Burning it down wasn't the problem; shipping civilians, mostly women, against their will is. It's why there's not much complaint about the soldiers heating track rails and bending them around trees; that was to prevent it's use to transport material and troops, and bending the rail prevented simply connecting it back together.

Soldiers were doing the right thing. Sherman didn't have the logistics to support them. Not sure what the atrocity is here.
Oh? Telling them to leave without so much as a suggestion of where they could go and what they would do? The only time Sherman tried to address it was out near Savannah, and that led to the rumor of "40 acres and a mule." It was later determined that Sherman had exceeded his authority.

To see the problem, consider what happened to the Union officer Jeff Davis (no relation to the Confederate president) at Ebenezer Creek. His unit was crossing a pontoon bridge and a large number of emancipated slaves were following when the received word that Joe Wheeler was bearing down on them. He got his unit across and, to protect them, cut loose one side of the bridge and pulled it in to their side of the shore. With no place to go and Confederate calvary bearing down, the former slaves panicked. Many died trying to cross. Davis' first responsibility was to his mission, but that's not how the Northern press saw it. He already wasn't the most popular officer in the Union Army, and Ebenezer Creek didn't help his career much.

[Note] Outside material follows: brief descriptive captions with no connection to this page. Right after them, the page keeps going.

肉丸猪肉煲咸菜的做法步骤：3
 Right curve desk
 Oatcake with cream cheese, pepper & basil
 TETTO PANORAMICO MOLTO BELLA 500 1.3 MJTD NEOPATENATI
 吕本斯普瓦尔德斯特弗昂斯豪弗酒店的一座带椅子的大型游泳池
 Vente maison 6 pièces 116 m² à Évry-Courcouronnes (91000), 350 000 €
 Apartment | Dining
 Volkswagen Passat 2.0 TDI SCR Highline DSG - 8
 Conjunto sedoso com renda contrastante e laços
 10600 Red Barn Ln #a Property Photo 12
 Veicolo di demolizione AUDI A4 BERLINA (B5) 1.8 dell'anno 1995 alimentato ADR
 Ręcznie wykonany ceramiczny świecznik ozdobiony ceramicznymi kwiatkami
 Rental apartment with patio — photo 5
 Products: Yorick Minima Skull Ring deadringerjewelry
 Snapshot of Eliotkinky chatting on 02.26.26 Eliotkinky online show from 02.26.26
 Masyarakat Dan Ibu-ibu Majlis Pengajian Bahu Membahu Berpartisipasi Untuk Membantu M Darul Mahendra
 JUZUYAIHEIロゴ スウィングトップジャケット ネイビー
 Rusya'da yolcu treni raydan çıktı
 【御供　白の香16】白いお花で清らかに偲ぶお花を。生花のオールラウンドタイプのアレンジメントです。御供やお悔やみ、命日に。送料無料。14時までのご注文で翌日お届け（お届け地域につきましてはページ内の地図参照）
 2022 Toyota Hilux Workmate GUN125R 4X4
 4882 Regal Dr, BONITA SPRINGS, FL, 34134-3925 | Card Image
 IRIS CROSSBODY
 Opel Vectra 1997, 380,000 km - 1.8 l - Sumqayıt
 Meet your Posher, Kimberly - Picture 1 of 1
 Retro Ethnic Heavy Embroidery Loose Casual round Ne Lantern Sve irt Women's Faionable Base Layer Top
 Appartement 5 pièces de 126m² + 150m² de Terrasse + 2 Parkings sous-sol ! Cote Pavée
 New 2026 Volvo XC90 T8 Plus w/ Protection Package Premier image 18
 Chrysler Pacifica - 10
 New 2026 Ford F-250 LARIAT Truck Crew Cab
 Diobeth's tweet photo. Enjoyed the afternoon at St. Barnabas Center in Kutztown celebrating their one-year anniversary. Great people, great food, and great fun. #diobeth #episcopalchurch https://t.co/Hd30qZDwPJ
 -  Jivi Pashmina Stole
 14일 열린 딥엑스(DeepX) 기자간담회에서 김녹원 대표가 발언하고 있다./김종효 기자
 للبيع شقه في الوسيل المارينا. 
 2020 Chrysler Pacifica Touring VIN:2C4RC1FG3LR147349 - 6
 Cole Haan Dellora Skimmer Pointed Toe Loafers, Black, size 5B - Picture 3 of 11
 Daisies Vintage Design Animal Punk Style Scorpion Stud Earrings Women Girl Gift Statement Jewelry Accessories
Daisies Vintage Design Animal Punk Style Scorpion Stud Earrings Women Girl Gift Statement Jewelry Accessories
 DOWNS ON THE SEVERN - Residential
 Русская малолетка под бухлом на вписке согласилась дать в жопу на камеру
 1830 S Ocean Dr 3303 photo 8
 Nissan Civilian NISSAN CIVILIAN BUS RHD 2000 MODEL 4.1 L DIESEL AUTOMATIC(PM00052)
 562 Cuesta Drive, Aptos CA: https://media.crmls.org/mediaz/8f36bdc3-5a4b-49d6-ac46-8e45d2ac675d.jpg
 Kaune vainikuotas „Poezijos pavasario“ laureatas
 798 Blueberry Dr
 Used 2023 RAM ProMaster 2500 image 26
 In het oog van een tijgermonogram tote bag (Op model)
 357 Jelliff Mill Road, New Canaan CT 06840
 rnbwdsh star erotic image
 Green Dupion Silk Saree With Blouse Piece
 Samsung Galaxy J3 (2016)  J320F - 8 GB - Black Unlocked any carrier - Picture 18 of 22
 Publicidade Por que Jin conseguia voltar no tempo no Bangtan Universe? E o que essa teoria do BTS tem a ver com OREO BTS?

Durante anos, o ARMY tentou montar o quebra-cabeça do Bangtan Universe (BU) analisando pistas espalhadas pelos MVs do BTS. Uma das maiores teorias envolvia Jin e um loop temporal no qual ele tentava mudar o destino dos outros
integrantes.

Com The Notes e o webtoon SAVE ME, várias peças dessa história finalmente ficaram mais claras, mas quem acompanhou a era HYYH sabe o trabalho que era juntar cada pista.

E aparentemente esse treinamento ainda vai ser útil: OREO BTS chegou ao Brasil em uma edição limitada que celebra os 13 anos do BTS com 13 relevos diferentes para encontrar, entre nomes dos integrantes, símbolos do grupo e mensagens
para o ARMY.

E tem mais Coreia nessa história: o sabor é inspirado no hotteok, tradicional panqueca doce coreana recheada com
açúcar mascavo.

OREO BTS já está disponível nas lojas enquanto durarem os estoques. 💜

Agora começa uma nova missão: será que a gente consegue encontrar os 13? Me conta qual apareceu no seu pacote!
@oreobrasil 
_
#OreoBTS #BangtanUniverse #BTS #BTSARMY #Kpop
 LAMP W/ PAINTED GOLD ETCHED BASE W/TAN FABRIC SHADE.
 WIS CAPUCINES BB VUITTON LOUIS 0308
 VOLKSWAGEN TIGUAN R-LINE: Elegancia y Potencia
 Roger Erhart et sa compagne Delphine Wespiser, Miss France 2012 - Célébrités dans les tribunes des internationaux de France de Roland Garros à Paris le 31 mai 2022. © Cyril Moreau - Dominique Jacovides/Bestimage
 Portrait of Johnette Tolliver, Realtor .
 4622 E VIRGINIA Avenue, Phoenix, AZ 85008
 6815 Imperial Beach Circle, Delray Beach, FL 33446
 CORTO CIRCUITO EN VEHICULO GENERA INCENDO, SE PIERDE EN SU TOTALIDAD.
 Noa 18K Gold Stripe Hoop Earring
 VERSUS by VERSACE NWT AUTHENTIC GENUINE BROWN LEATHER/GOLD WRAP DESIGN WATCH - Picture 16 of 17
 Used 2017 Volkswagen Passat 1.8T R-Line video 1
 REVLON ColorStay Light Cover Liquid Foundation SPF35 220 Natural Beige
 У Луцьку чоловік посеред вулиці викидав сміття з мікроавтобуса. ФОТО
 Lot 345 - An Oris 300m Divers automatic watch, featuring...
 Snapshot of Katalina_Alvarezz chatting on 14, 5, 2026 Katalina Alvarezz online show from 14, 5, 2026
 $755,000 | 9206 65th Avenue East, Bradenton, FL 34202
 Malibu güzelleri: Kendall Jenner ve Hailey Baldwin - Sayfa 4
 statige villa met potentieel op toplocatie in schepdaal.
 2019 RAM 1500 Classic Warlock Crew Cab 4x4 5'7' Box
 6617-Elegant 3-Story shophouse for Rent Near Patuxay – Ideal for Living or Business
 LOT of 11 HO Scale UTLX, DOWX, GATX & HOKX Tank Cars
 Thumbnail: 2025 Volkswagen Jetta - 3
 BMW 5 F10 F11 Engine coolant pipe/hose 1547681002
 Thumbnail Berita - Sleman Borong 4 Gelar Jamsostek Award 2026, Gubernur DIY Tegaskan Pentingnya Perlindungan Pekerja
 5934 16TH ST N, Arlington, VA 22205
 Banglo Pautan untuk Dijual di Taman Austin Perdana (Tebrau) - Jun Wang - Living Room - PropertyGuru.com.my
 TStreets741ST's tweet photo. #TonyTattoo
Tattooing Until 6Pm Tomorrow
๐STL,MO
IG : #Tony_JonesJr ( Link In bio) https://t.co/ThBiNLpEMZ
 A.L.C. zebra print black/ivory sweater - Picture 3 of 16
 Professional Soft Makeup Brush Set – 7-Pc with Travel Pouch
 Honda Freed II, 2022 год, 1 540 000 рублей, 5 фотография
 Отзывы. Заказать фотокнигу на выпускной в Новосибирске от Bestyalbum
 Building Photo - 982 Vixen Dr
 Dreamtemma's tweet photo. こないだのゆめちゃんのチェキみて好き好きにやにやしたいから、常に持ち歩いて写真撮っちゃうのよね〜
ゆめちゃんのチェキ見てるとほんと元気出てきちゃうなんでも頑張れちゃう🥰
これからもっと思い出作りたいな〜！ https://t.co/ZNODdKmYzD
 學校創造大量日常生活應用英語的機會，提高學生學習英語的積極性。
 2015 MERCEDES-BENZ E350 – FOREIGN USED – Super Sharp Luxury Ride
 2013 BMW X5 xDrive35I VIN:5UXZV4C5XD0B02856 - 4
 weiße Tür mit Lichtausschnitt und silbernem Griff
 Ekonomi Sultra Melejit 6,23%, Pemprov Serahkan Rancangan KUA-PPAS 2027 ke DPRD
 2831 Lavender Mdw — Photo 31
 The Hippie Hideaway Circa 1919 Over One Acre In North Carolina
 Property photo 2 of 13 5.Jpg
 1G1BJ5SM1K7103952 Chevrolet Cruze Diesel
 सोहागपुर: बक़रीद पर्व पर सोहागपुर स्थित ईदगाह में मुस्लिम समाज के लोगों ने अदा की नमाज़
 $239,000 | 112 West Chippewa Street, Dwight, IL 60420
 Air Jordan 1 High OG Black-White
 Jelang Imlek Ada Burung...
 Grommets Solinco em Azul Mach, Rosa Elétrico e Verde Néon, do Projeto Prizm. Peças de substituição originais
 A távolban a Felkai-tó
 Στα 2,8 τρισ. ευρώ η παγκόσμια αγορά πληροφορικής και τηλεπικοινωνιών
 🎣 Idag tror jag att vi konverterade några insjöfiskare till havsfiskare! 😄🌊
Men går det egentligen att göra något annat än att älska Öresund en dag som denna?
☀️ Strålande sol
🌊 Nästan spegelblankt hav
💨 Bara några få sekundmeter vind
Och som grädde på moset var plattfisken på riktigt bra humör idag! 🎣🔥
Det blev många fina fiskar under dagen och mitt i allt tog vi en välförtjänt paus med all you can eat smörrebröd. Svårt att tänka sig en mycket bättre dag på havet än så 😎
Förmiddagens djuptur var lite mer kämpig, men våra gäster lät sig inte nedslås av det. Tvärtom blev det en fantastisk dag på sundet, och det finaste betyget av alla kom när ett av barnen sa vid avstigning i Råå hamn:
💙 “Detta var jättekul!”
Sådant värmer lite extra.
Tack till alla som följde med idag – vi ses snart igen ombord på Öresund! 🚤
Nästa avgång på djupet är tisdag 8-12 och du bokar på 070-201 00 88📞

So it was that when I learned that the first US military governor of the Alaska Territory was Jeff Davis, I couldn't help but wonder if what happened at Ebenezer Creek was why he was sent to administer "Steward's Folly:" A command as far away from the rest of the army as possible.

None of this would have happened had the slaves not been encouraged to leave. Not to remain slaves, but to at least come to an understanding that they were no longer slaves and would be compensated for their labor - as apparently one farmer offered to do. His former slave replied they had to leave because they were told to do so. I can't help but wonder how many who did as the soldiers urged and left ended up coming back simply because there was no where else to go.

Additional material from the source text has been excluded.